- Directions for this task
Repeat exactly, and only, the lines from the one containing "Letter Sent to Royal Society" through the end of the records.

Stored entries:

__________________________________________________

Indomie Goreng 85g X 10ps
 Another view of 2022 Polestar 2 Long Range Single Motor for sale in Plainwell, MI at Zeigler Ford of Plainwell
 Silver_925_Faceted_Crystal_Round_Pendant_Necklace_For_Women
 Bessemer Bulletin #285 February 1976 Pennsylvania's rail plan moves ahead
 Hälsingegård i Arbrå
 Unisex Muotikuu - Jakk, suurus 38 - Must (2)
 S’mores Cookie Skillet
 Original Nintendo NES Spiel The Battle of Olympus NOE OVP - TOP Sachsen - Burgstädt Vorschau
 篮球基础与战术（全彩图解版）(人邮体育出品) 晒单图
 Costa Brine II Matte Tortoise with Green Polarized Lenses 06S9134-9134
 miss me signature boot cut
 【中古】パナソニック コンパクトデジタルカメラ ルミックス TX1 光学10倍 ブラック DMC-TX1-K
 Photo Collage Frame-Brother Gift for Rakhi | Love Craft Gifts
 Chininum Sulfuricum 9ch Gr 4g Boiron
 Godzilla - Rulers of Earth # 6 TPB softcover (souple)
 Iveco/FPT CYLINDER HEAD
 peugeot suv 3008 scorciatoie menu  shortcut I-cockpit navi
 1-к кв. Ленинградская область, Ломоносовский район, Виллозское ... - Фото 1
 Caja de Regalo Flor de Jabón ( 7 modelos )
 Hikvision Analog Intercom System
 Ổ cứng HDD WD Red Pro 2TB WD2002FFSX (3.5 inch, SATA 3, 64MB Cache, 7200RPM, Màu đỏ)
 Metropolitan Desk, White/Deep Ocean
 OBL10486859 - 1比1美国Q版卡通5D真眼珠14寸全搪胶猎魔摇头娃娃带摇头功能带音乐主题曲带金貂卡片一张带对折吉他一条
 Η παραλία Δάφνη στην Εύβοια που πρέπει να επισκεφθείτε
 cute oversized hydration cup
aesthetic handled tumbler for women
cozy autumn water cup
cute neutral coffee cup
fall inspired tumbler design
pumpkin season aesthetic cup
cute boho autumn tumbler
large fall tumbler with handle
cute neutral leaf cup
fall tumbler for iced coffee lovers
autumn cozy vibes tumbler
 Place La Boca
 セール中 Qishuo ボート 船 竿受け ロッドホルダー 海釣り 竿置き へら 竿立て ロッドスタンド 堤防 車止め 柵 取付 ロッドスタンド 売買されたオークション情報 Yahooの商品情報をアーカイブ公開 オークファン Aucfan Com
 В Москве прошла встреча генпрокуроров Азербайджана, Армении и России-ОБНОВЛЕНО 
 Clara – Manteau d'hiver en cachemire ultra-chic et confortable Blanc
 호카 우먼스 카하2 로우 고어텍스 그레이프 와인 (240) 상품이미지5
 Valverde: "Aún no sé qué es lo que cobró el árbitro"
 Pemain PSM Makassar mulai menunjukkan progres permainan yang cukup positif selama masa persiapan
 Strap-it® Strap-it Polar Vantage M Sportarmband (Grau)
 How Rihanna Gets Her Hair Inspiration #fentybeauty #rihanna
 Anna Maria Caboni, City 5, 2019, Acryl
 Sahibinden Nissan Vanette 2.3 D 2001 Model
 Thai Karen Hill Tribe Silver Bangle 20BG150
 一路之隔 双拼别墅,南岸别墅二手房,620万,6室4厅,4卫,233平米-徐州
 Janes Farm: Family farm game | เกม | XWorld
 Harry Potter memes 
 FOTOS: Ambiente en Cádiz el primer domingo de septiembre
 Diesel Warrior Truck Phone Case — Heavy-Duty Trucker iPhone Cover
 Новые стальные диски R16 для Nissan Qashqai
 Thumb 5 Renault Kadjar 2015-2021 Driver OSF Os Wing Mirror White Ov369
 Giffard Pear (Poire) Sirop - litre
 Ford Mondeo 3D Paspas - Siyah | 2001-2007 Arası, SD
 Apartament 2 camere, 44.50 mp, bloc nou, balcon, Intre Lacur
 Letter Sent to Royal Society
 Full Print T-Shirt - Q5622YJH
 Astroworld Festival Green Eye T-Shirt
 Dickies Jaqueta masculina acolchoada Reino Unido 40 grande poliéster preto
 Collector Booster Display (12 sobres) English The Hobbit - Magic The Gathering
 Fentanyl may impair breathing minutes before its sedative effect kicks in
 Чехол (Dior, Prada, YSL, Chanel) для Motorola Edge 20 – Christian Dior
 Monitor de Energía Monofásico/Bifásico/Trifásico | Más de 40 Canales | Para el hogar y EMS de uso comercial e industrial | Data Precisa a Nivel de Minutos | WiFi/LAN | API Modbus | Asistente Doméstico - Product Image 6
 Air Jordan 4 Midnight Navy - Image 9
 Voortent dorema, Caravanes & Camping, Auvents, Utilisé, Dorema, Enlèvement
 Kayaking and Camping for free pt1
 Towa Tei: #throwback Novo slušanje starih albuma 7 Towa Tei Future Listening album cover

__________________________________________________

- Output
 Letter Sent to Royal Society
 Full Print T-Shirt - Q5622YJH
 Astroworld Festival Green Eye T-Shirt
 Dickies Jaqueta masculina acolchoada Reino Unido 40 grande poliéster preto
 Collector Booster Display (12 sobres) English The Hobbit - Magic The Gathering
 Fentanyl may impair breathing minutes before its sedative effect kicks in
 Чехол (Dior, Prada, YSL, Chanel) для Motorola Edge 20 – Christian Dior
 Monitor de Energía Monofásico/Bifásico/Trifásico | Más de 40 Canales | Para el hogar y EMS de uso comercial e industrial | Data Precisa a Nivel de Minutos | WiFi/LAN | API Modbus | Asistente Doméstico - Product Image 6
 Air Jordan 4 Midnight Navy - Image 9
 Voortent dorema, Caravanes & Camping, Auvents, Utilisé, Dorema, Enlèvement
 Kayaking and Camping for free pt1
 Towa Tei: #throwback Novo slušanje starih albuma 7 Towa Tei Future Listening album cover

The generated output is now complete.